Haftar ha tentato una mossa di forza per dimostrare che le sue volontà di prendere il paese con le armi sono più forti delle richieste delle istituzioni internazionali — è anche un messaggio ai suoi sponsor, che tenendo un coinvolgimento minimo ed esterno, gli chiedono di continuare la guerra.
In Libia si teme che l’epidemia possa dilagare, e per questo il governo di Tripoli e l’amministrazione militarista in Cirenaica, così come la Comunità internazionale guidata dall’Onu, hanno chiesto concentrazione nel contenimento. L’epidemia potrebbe trovare la Libia non in grado di rispondere in termini di strutture e organizzazione medico-sanitari. In Cirenaica sono stati chiusi i collegamenti interni sotto controllo della forze haftariane, le aree amministrazione del Gna sono sotto coprifuoco. È notizia di oggi che il portavoce di Haftar è stato messo in isolamento: una forma probabilmente di carattere e preventivo perché aveva viaggiato all’estero, usata anche per proteggere l’uomo forte della Cirenaica — che ha 76 anni e condizioni di salute non eccellenti, situazione complessiva che lo espone ad alto rischio se dovesse contrarre la Covid19.

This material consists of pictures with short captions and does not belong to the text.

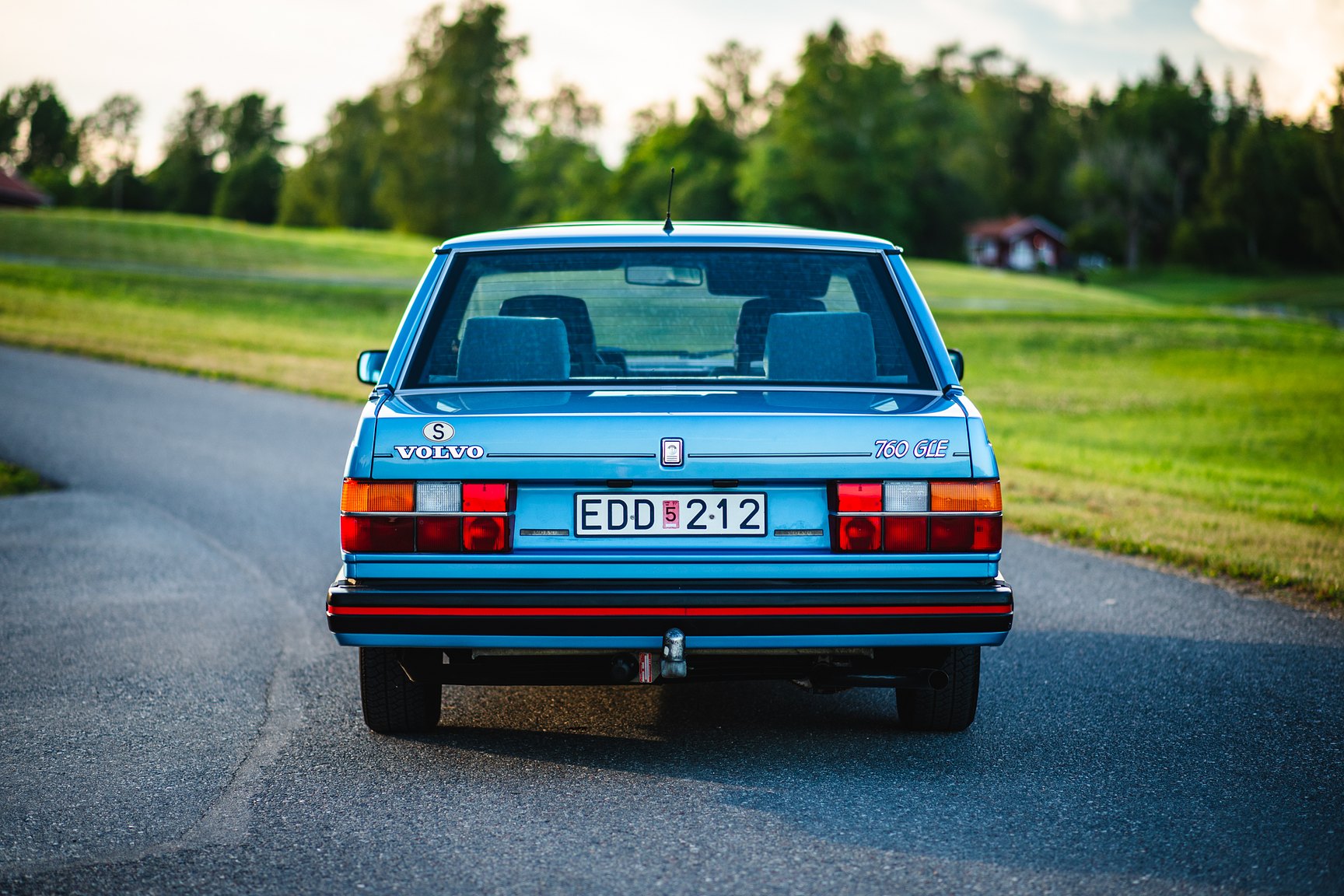 Aussenfoto 1985 Volvo 760 GLE 2.8 V6 Automatisk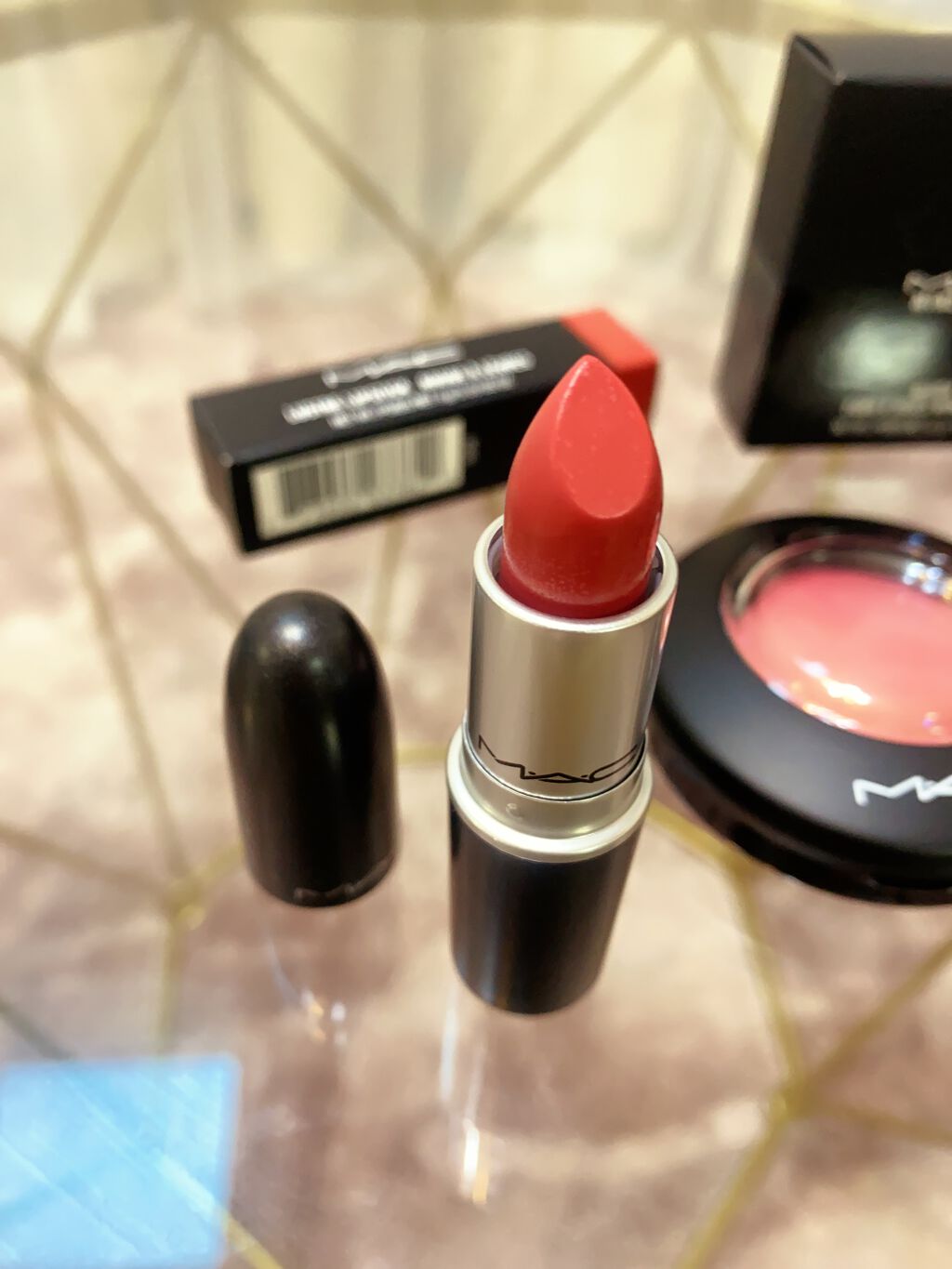 M·A·C ミネラライズ ブラッシュ/M・A・C/パウダーチークを使ったクチコミ（2枚目）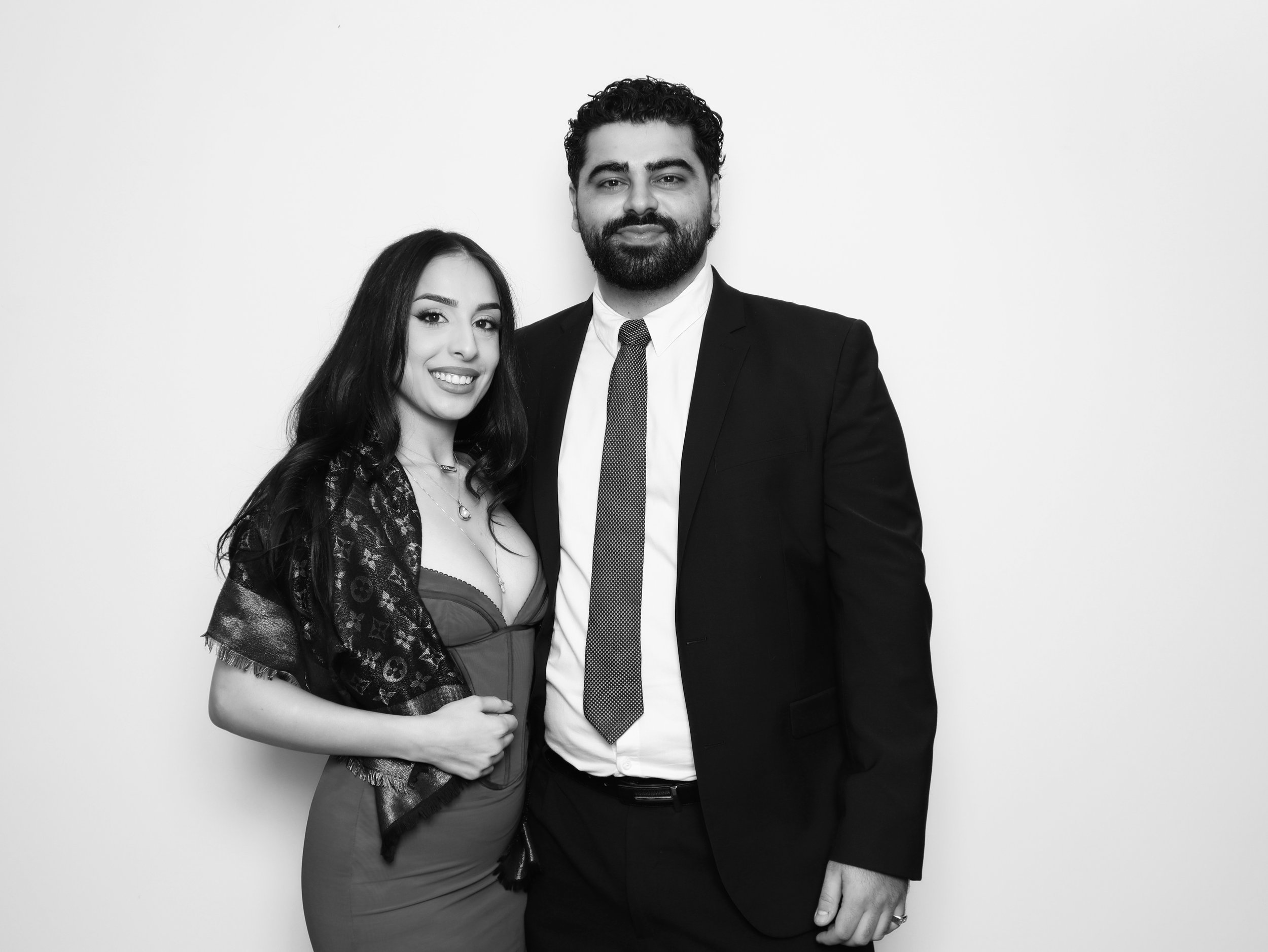 Open air photo booth with prints at Los Angeles wedding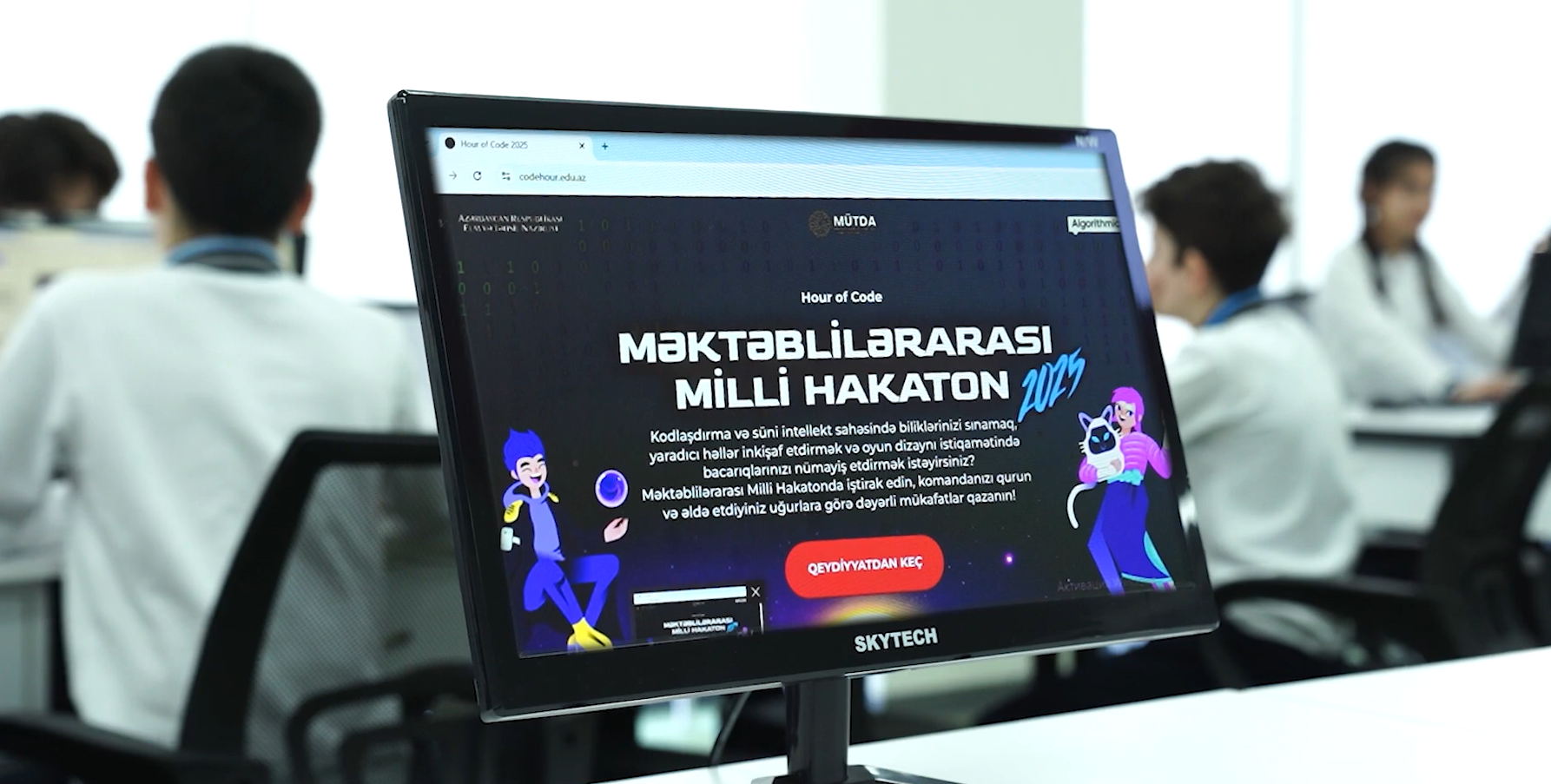 Məktəblilərarası Milli Hakaton: Ən çox verilən suallara CAVABLAR 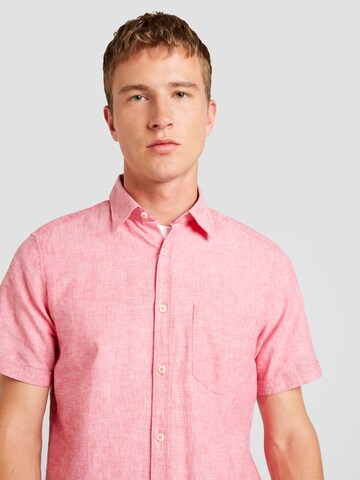 Coupe regular Chemise s.Oliver en orange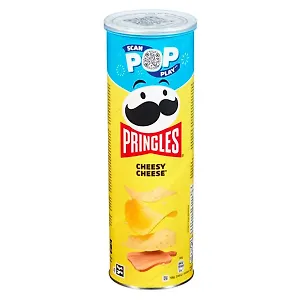 Картофельные чипсы PRINGLES Cheesy Cheese, 165г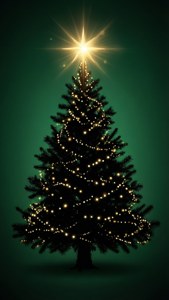 Star and Lights Tree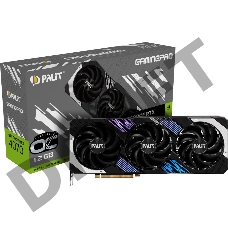 Видеокарта Palit RTX4070 GAMINGPRO OC 12GB GeForce RTX 4070 12288Mb 192 GDDR6X 1920/21000 HDMIx1 DPx3 HDCP Ret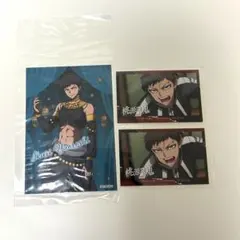 桃源暗鬼 矢颪碇 アニカフェ アニメイト アラビアンナイト 特典 セット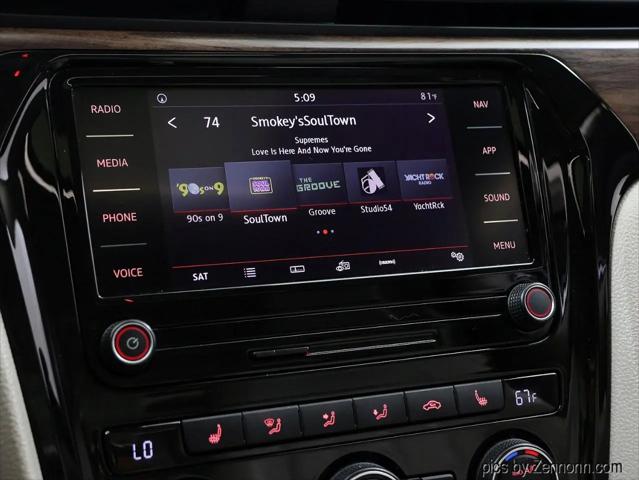 2020 Volkswagen Passat 2.0T SEL
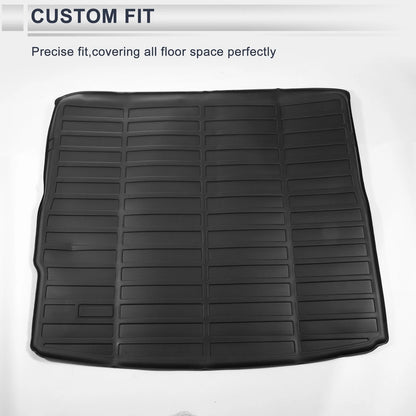 Cargo Liner Rear Trunk Mat for Nissan Ariya (2023-2025) Long Grid Pattern TPE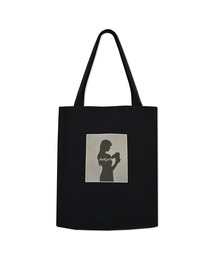 ANDGEEBEE | 【UNISEX】シルエットトートバッグ(トートバッグ)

Val la pena di notare inoltre che la dichiarazione odierna è un altro dei passaggi diretti con cui il dipartimento di Stato ha attaccato Haftar, citando apertamente l’Lna, ossia il Libyan national army, nome altisonante che Haftar usa per indicare la sua milizia. Queste richieste di fermare le armi così specifiche non sono abituali nel linguaggio della diplomazia politica che ruota attorno alla Libia. L’Unione europea, per esempio, per ambiguità interne dovute essenzialmente a una doppia posizione francese, solitamente evita di nominare le parti in causa — anche quando ci sono aperte responsabilità di Haftar per danni collaterali contro i civili. Anche su questa assenza di identificazione trasparente tra aggressore e aggrediti si base la forza che ha permesso all’uomo forte della Cirenaica di innescare la nuova guerra civile.
Ieri anche l’Ambasciata italiana a Tripoli ha preso una posizione netta, accogliendo con favore la ”disponibilità” del Gna per la tregua. Nella nota però si sottolineava anche: “Nel condannare con fermezza i continuati, inaccettabili bombardamenti che negli ultimi giorni hanno colpito quartieri residenziali di Tripoli causando numerose vittime civili e da ultimo il centro storico della Capitale, rinnoviamo al Gen. Haftar ed alle sue forze la richiesta di accogliere in maniera costruttiva l’appello per una cessazione delle ostilità”.
Interessante infine notare che la posizione di Foggy Bottom rispecchia una linea che sta prendendo spazio tra gli apparati di Washington — con il Congresso che ha già proposto di sanzionare il capo miliziano per il danno collegato al blocco del petrolio che ha imposto da metà gennaio, proprio nei giorni in cui si cercava una tregua alla conferenza di Berlino. Alla linea americana però manca il peso dell’ultimo passaggio, quello dello Studio Ovale: basterebbe anche solo un tweet di Donald Trump per fermare Haftar e togliere l’ambiguità su un appoggio che è sembrato uscire dopo una non chiara telefonata tra i due il 15 aprile scorso.